Nolarin puffed out his breath noisily. “Right. So we might me surrounded right now, and we wouldn’t know until the scum were on us? Or they could pick us off from the cover of these huge fungus things, and we’d not be able to do anything about it?”

“Unfortunately, yes, sir.”

Faise admired the lieutenant’s stoic assessment of the situation.

Nolarin pulled out his comlink. “Team Dorn, return to the landing site. Repeat, return to the landing site.” He sighed. “Looks like we should get under cover fast. It’ll be dark soon, and even our eyes will be no use then.”


Night had fallen by the time the Felucians had completed their meditation. We must inform The Teacher of this, was their unanimous decision. She is bound to the fates of these outlanders, she will know what to do.


“I don’t like this,” General Nolarin rumbled. “Something is going on, and I don’t like it.”

“What does the report say?” Captain Faise asked, walking over to stand next to the general.

“Intelligence has apparently given us a secondary objective,” Nolarin scanned his datapad. “’Gossam rebels are believed to be hiding on the jungle planet, and must be eliminated at once’” he read. “Gossam rebels? Hardly seems a threat enough to warrant our entire task force, but Imperial Center clearly knows best.”

Faise frowned at the orders. Gossam rebels? “I seem to remember the Gossam were big Separatists during the War. You don’t think there’s a link?”

“You were always the historian, Oskar, I wouldn’t know much about this.” He stroked his lip thoughtfully. “If there are Gossam rebels here, I’m surprised they’ve not been picked up before now. Commander Varghis keeps a tight control on the Gossam over at Kway Teow, I can’t imagine there would be any others out here…” He trailed off in thought. “Lieutenant, do you still have the sensor data from the explosion earlier?” he called down the passageway of his landing craft.

“Right here, sir” the lieutenant handed him his datapad with the data displayed. “Are you looking for anything in particular?”

“The life signs you picked up – the sentient life – do you have any further reading on that? Height, possible species? That sort of thing?”

“All the scanners were able to determine was bipedal life-forms, non-human,” the lieutenant frowned at the datapad. “Given the strength of the other lifeform readings, I’m surprised it managed to get even that much.”

“Thank you, lieutenant.” Nolarin watched him go for a second.

“He seems awfully keen,” Faise observed once the lieutenant had left.

“Lieutenant Arsen is one of the most competent field officers I’ve ever had in my command, Oskar.”

“You should definitely keep hold of him, then,” Faise moved back to the datapad with the orders they had received from Imperial Intelligence. “It doesn’t specify where these rebels are likely to be, and with our scanners useless, I’m not sure what we can accomplish here.”

Nolarin stared at nothing for a moment, again stroking his bottom lip in thought. “You’re right, of course,” he said at length. “It might not be impossible, though. We’re hunting Gossam, so what do we know about the species?”
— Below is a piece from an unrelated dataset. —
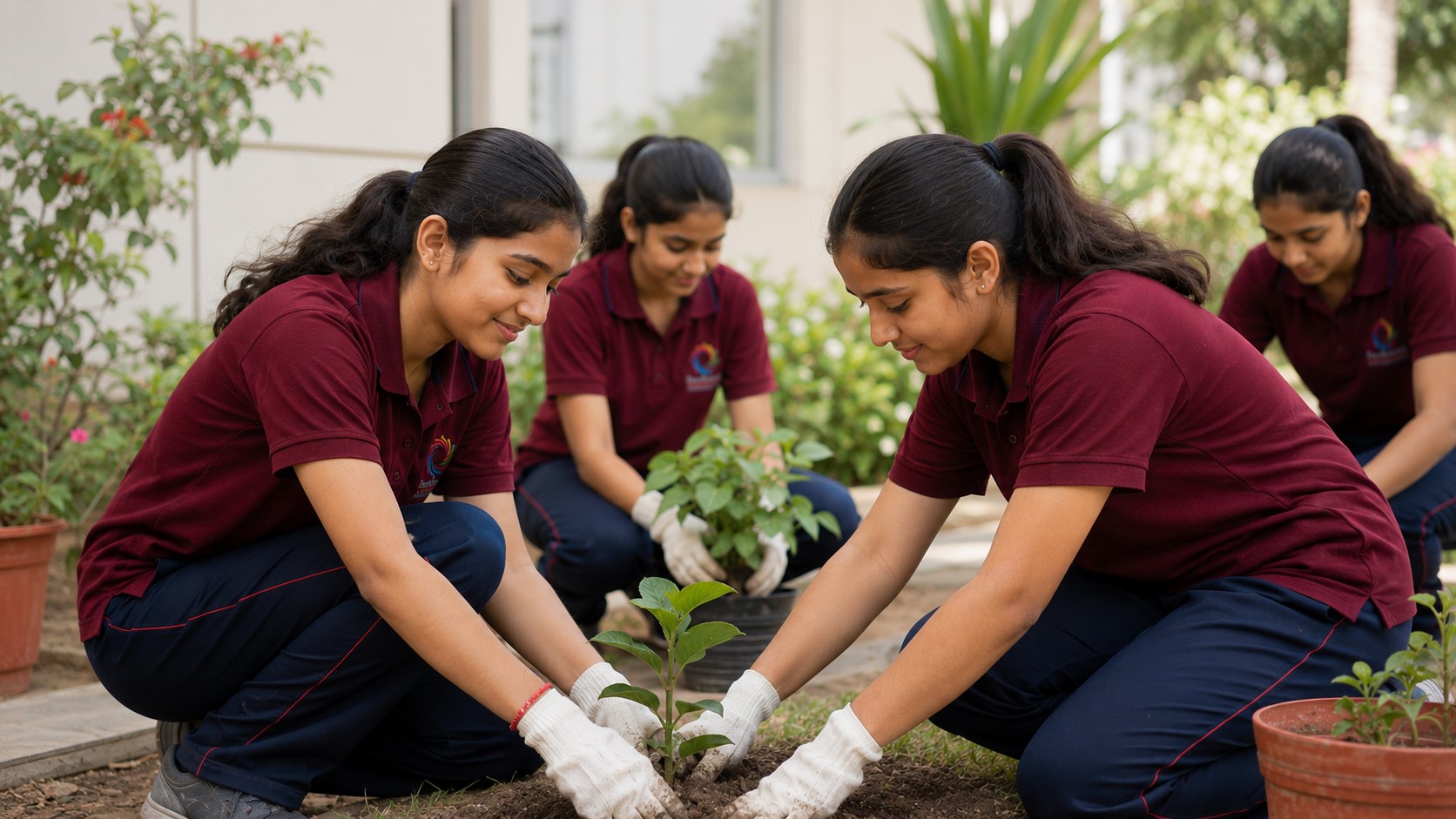 Girls in community service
Faise called up the databanks on the ship’s computer. “’Short, selfish and cunning’,” he read. “Hardly the most glowing of recommendations, but there we go. ‘Appearance is of great importance to Gossam society –‘”

“There we have it, then!” Nolarin grinned in triumph.

“There we have what, exactly?” Faise looked up from the computer.

“Cunning, but self-obsessed. They’re not going to be hiding out in the jungles then, that would ruin their fine clothes no doubt. They’re going to be in an urban environment. If Varghis hasn’t reported anything from the capital, where else could they be?”

Faise returned to the databank and brought up a map of the planet. “Har Gau was a Gossam settlement back in the day. No Imperial presence to speak of. Is it worth a look?”

Nolarin shrugged. “It’s the best lead we have, so why not?”


The Teacher had arrived on Felucia many cycles ago. She was an outlander, but she had quickly gained the trust of the native Felucians. She brought with her another outlander, slightly unruly in her behaviour, but this younger outlander was as much a pupil of the Teacher as the Felucians themselves. She had communicated with them, she had taught them many things, the greatest of which was the power of life every native of the planet could harness. She had called it The Force.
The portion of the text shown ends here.